**PROBLEM TO WORK ON:**
When you reach the line below that has "Terrain constructible de", start returning lines exactly, and stop after the line that has "Дверь багажника"; skip the pictures.

**ENTRIES SHOWN:**

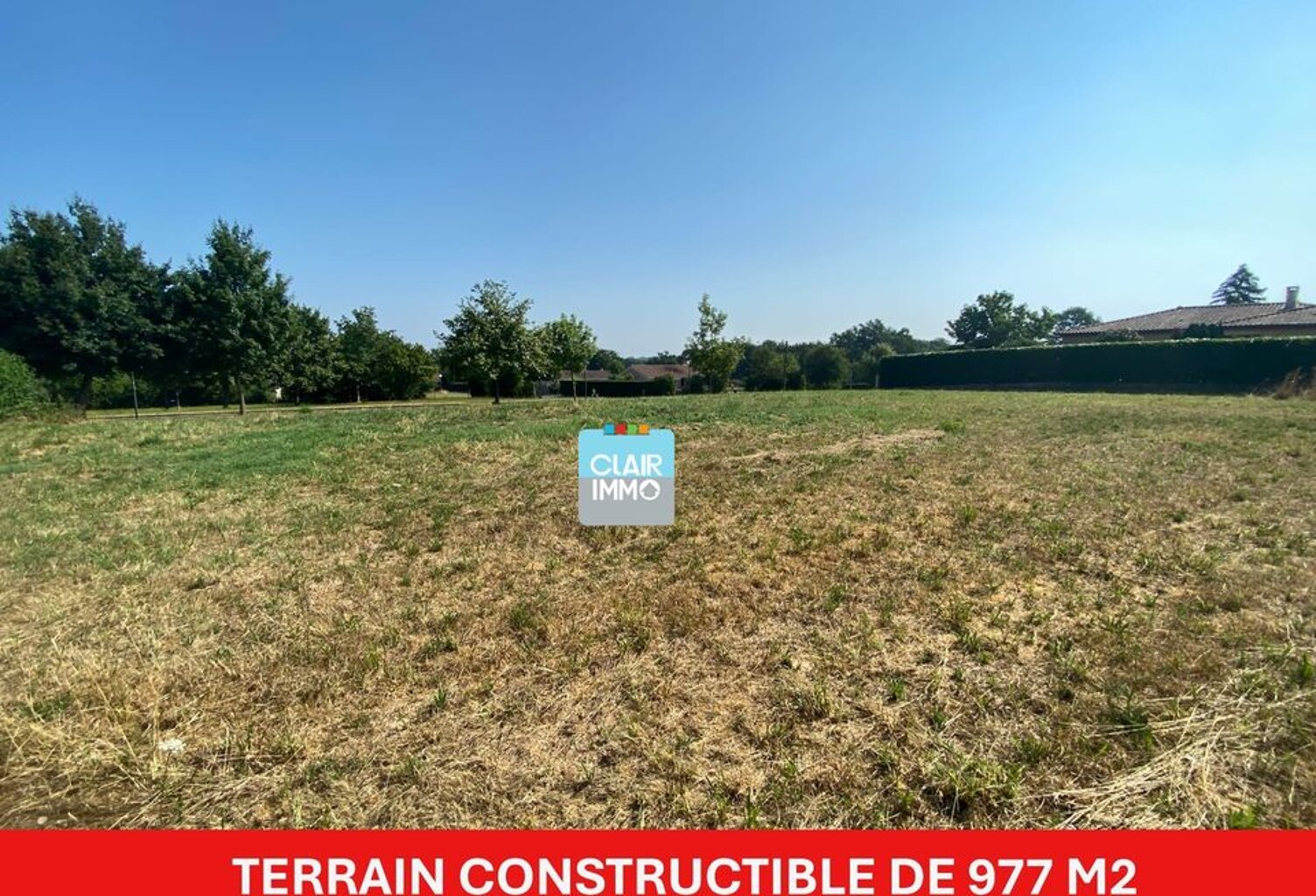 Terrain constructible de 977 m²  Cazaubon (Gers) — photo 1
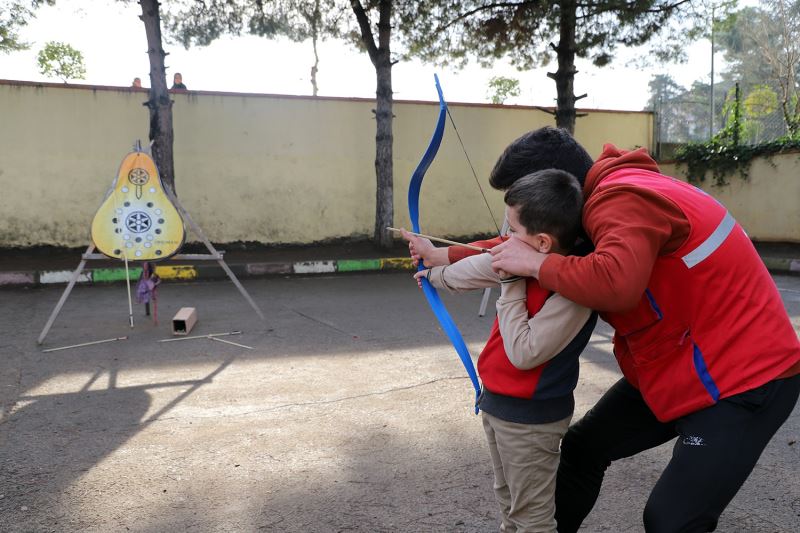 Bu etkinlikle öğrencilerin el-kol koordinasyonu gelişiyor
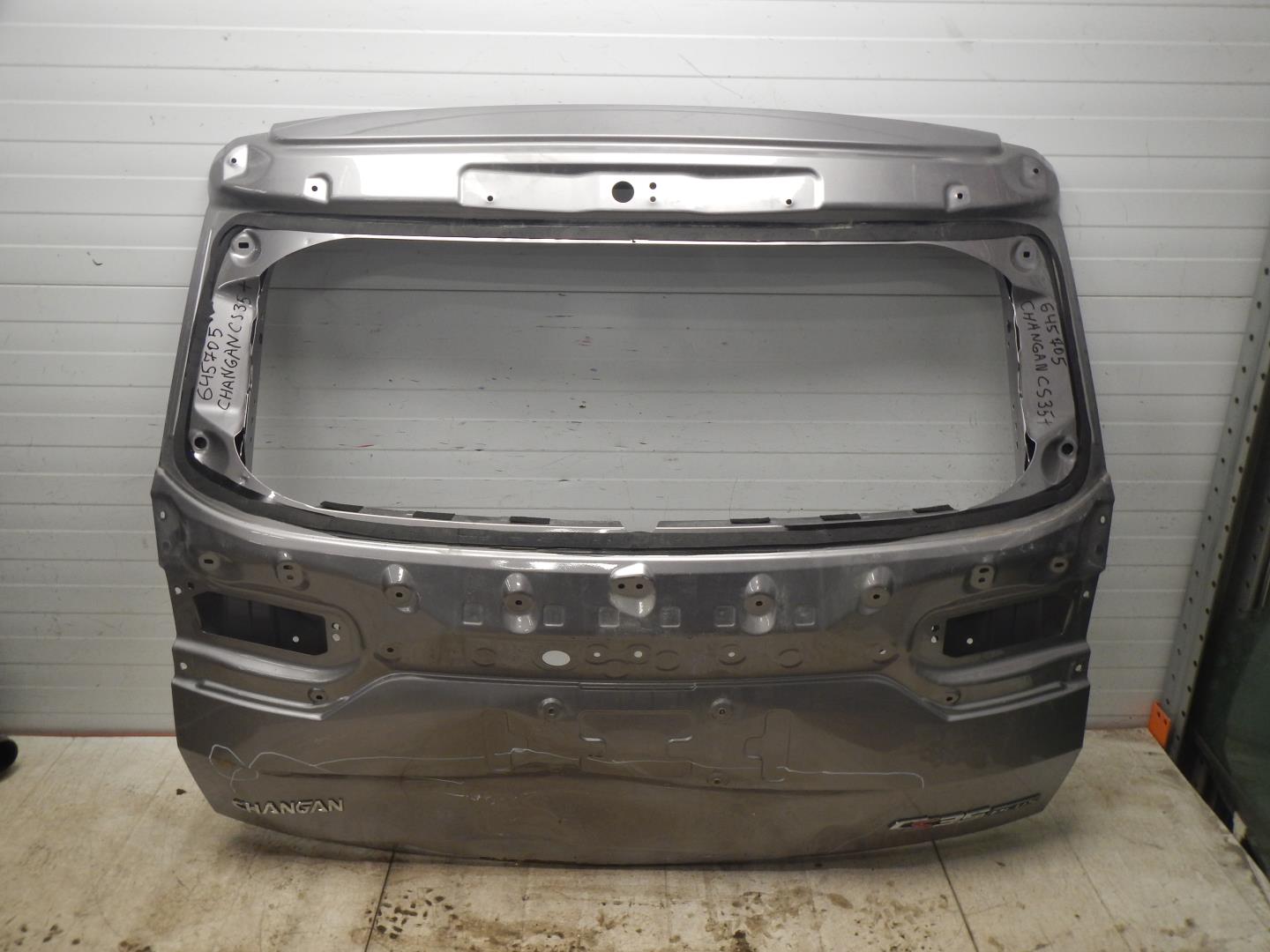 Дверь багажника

...

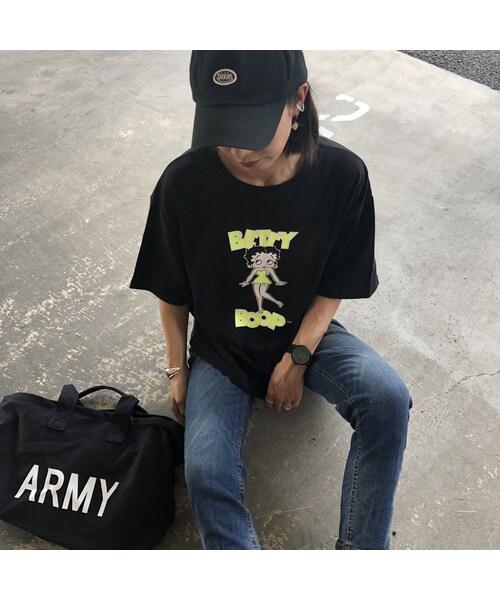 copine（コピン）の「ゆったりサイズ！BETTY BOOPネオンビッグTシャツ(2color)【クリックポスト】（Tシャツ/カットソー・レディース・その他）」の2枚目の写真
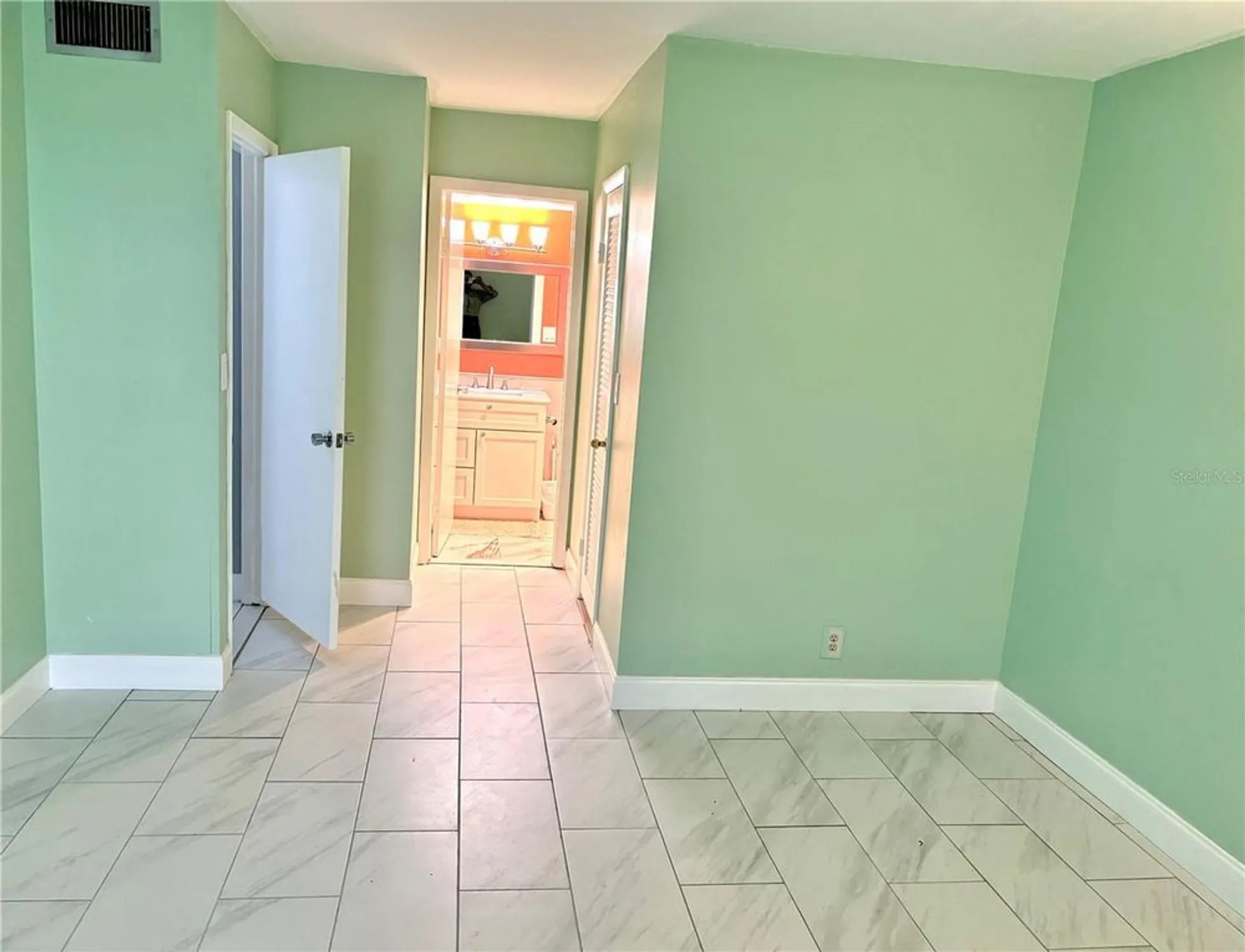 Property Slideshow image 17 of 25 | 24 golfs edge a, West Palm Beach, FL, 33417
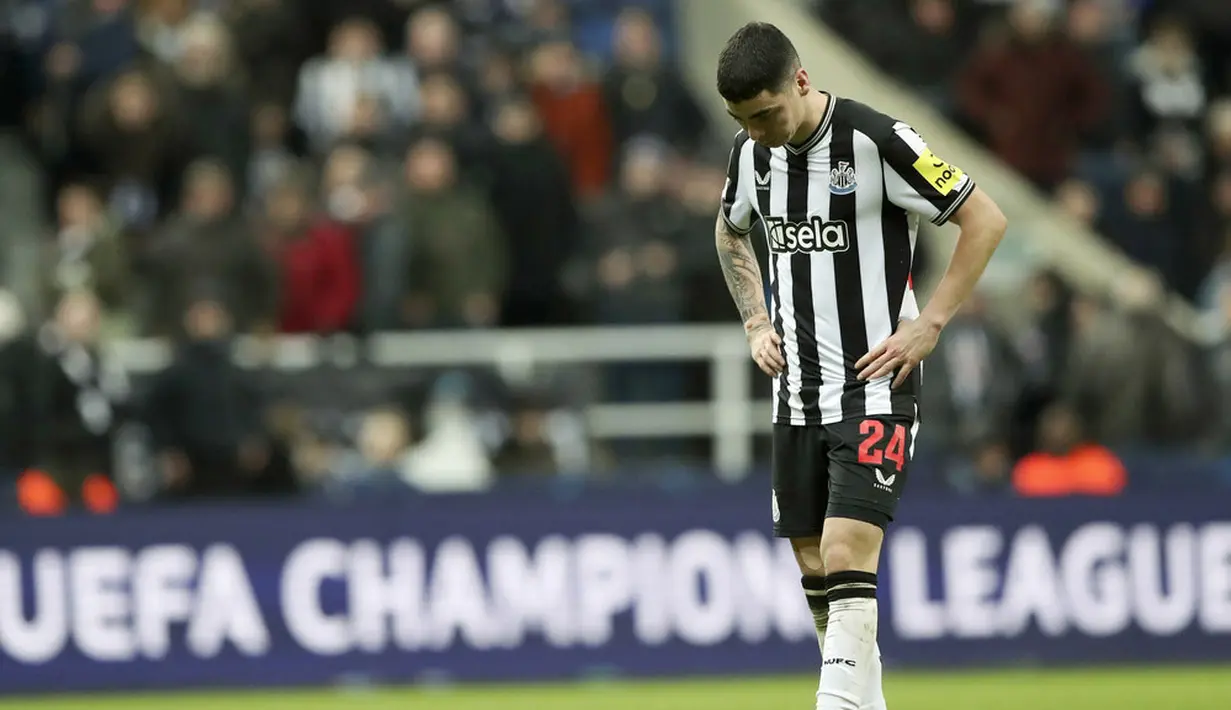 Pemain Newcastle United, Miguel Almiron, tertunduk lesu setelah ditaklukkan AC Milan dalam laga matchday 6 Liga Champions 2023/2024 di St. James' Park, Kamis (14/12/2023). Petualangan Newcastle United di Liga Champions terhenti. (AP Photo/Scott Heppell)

**PROBLEM SOLUTION:**
 Terrain constructible de 977 m²  Cazaubon (Gers) — photo 1
 Bu etkinlikle öğrencilerin el-kol koordinasyonu gelişiyor
 Дверь багажника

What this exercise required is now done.